Solves one-dimensional Riemann problem in the direction as specified by the axis argument.

Parameters:

  • primes_L (jnp.ndarray) – primtive variable buffer left of cell face

  • primes_R (jnp.ndarray) – primtive variable buffer right of cell face

  • cons_L (jnp.ndarray) – conservative variable buffer left of cell face

  • cons_R (jnp.ndarray) – conservative variable buffer right of cell face

  • axis (int) – Spatial direction along which Riemann problem is solved.

Returns:

buffer of fluxes in xi direction

Return type:

jnp.ndarray

jaxfluids.solvers.riemann_solvers.RusanovNN module

class jaxfluids.solvers.riemann_solvers.RusanovNN.RusanovNN(material_manager: MaterialManager, signal_speed: Callable)[source]

Bases: RiemannSolver

RusanovNN Riemann Solver which is optimied in the JAX-FLUIDS paper. The dissipation is calculated by a neural network. See details in Bezgin et al. 2022.

solve_riemann_problem_xi(primes_L: Array, primes_R: Array, cons_L: Array, cons_R: Array, axis: int, ml_parameters_dict: Dict, ml_networks_dict: Dict, **kwargs) Array[source]

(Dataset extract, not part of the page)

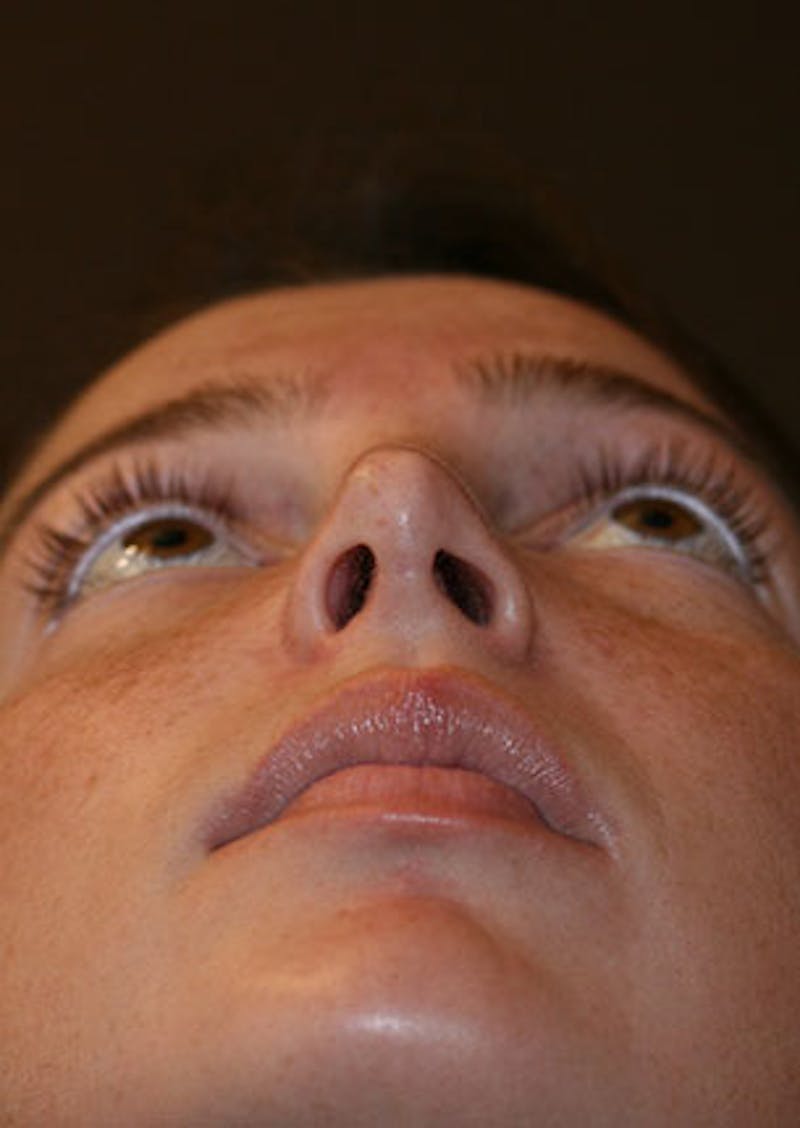 Rhinoplasty Before & After Gallery - Patient 106569149 - Image 12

Solves one-dimensional Riemann problem in the direction as specified by the axis argument.

Parameters:

  • primes_L (jnp.ndarray) – primtive variable buffer left of cell face

  • primes_R (jnp.ndarray) – primtive variable buffer right of cell face

  • cons_L (jnp.ndarray) – conservative variable buffer left of cell face

  • cons_R (jnp.ndarray) – conservative variable buffer right of cell face

  • axis (int) – Spatial direction along which Riemann problem is solved.

Returns:

buffer of fluxes in xi direction

Return type:

jnp.ndarray

jaxfluids.solvers.riemann_solvers.eigendecomposition module

class jaxfluids.solvers.riemann_solvers.eigendecomposition.Eigendecomposition(material_manager: MaterialManager, stencil_size: int, domain_information: DomainInformation, flux_splitting: str | None = None)[source]

Bases: object

The Eigendecomposition class implements functionality for eigendecomposition of the Jacobian matrix. Eigendecomposition can be done based on primitive or conservative variables. The frozen state can be calculated from arithmetic or Roe averages.

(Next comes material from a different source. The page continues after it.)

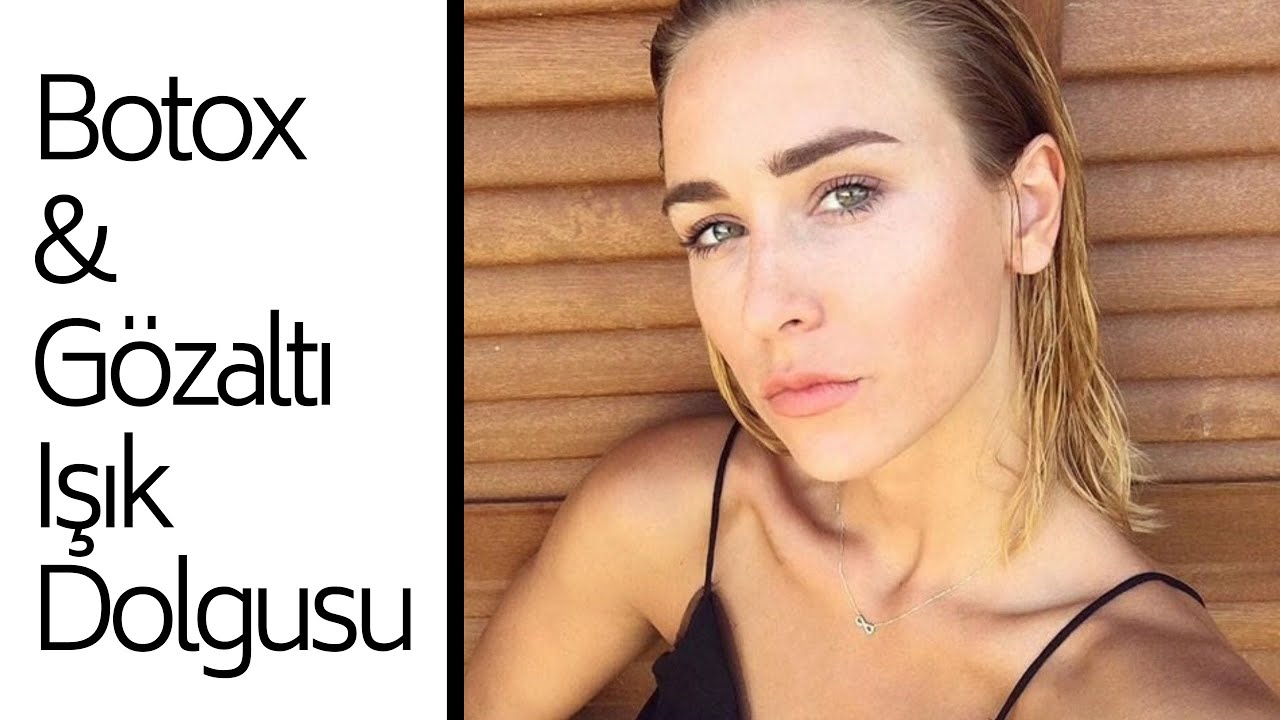 Ilk Botox Ve Gozalti Isik Dolgusu Deneyimim Oncesi Sonrasi Ve Fiyatlar Youtube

eigendecomp_prim only returns left and right eigenvectors, while eigendecomp_cons additionally returns eigenvalues according to a user-specified flux-splitting.

compute_frozen_state(primes: Array, axis: int) Array[source]
compute_roe_cons(prime_L: Array, prime_R: Array) Array[source]

Computes the Roe averaged conservative state.

Parameters:

  • prime_L (jnp.ndarray) – Buffer of primitive variables left of a cell face.

  • prime_R (jnp.ndarray) – Buffer of primitive variables right of a cell face.

Returns:

Buffer of Roe averaged quantities at the cell face.

Return type:

jnp.ndarray

eigendecomp_cons(primes: Array, axis: int) Tuple[Array, Array] | Tuple[Array, Array, Array][source]

Computes eigendecomposition of the Jacobian matrix for conservative variables. Formulation for a general equation of state. Implementation according to Fedkiv et al.

Parameters:

  • primes (jnp.ndarray) – Buffer of primitive variables.

  • axis (int) – Direction of the cell face at which the eigendecomposition is to be performed.

Returns:

Buffer of left, right eigenvectors and the eigenvalues.

Return type:

Union[Tuple[jnp.ndarray, jnp.ndarray], Tuple[jnp.ndarray, jnp.ndarray, jnp.ndarray]]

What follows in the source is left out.